In the forefront of all of that chaos, is the discovery that Cushing made while in New Guinea. He has brought home with him a massive skeleton, one that creates more questions than it answers. It’s extremely old, but far more advanced. A paradox which intrigues Cushing to the extent that he basically forgets everything else around him. (Including his daughter starting to nose around in her dead mother’s locked room – which can’t be a good thing by any means! It’s worth noting that while poking around in her mother’s room, she discovers the truth of her mother’s committal in the asylum.) While examining the bones, Cushing decides to wash them off, and takes a wet towel to the hand. He quickly discovers that the flesh reappears on the bones when water is applied. He’s curious, so he removes one finger and allows the flesh to regrow.
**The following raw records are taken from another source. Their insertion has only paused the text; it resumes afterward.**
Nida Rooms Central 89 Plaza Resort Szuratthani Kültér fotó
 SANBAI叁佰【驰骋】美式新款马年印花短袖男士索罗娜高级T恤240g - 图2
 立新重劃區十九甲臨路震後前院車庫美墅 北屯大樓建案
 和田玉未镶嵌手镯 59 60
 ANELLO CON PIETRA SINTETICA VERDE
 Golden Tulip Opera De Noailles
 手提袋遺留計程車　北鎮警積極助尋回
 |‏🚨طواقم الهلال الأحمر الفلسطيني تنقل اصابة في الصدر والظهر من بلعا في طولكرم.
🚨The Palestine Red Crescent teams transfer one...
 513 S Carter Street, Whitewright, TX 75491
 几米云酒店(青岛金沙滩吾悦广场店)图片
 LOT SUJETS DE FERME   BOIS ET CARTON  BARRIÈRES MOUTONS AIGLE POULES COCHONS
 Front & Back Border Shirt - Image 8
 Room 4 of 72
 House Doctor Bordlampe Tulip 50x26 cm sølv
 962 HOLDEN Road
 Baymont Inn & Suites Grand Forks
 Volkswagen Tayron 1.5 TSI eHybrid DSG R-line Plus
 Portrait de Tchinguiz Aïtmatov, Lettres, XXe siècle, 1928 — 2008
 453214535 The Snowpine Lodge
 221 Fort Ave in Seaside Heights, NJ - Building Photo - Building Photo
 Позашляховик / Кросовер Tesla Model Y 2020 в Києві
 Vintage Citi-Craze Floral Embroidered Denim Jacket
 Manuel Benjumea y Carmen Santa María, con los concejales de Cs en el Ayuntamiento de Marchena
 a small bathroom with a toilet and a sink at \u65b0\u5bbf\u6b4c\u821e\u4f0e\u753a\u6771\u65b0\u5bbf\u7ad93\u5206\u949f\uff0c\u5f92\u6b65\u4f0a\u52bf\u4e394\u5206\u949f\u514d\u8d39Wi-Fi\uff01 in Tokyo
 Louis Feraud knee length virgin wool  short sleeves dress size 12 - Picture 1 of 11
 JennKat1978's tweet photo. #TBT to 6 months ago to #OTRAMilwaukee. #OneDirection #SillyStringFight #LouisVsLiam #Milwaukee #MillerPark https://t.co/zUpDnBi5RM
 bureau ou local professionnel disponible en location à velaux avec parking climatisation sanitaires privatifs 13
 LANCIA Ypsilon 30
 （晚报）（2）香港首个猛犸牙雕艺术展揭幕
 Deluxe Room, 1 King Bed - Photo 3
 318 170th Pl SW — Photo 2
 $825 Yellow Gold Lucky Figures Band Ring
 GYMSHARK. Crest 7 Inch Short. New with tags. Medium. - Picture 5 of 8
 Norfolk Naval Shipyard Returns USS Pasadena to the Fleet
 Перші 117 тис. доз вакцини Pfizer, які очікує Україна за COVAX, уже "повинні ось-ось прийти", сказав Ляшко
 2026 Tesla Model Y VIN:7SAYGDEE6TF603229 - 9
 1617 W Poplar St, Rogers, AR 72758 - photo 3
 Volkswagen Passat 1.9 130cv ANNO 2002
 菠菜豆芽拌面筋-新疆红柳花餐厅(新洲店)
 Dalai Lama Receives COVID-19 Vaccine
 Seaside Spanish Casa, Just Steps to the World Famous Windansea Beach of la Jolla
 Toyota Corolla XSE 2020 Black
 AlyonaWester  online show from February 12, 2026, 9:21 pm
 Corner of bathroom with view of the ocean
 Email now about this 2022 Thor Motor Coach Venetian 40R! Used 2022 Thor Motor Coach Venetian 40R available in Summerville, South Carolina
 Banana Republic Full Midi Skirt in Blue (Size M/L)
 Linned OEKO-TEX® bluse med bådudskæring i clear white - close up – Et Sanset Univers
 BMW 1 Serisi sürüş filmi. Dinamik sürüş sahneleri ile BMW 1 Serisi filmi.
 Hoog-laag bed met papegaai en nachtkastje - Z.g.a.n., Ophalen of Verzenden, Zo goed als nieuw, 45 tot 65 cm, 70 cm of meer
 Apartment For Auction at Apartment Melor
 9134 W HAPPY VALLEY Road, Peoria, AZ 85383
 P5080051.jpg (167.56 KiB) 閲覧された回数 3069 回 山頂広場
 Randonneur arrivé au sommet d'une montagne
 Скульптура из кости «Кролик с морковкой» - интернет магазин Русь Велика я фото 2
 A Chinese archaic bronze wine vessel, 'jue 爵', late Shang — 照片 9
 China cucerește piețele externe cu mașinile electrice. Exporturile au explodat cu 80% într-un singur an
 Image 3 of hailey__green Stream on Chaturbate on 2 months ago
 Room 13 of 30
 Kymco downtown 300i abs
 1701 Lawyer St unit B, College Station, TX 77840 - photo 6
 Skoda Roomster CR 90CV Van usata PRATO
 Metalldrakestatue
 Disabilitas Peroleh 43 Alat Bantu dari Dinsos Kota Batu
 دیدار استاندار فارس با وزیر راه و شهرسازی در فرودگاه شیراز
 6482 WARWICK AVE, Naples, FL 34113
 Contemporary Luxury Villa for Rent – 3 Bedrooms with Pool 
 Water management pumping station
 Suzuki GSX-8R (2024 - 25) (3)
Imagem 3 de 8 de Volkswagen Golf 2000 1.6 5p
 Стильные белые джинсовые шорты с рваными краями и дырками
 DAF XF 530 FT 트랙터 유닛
While reading up on the legends of the region and searching for some clue about the bones, Cushing comes across a legend about a race of giants buried deep. They were supposed to be exposed slowly as the earth eroded around their bones, and a rainstorm was supposed to facilitate their return by fleshing out the bones. They were supposed to be the ultimate evil, and the legend says that by the time they are out and causing havoc, the peoples in New Guinea were supposed to have evolved enough to be able to fight them. (Holy mackerel! Such detail!) Cushing makes the leap that he can develop a serum against evil from the flesh – how the hell he came to that conclusion is kind of foggy – and begins to test it. Meanwhile, a thief enters Cushing’s lab and attempts to steal the skeleton, but winds up just exposing the whole thing to a rainstorm.
Cue unspeakable evil amid a backdrop of a deeply dysfunctional family, and you’ve got one helluva creepy classic! Once again, Cushing and Lee do not disappoint. The film is very well acted, well written, and very complex. If you’re looking for a solid creature flick with interesting characters, I would highly recommend that you see The Creeping Flesh.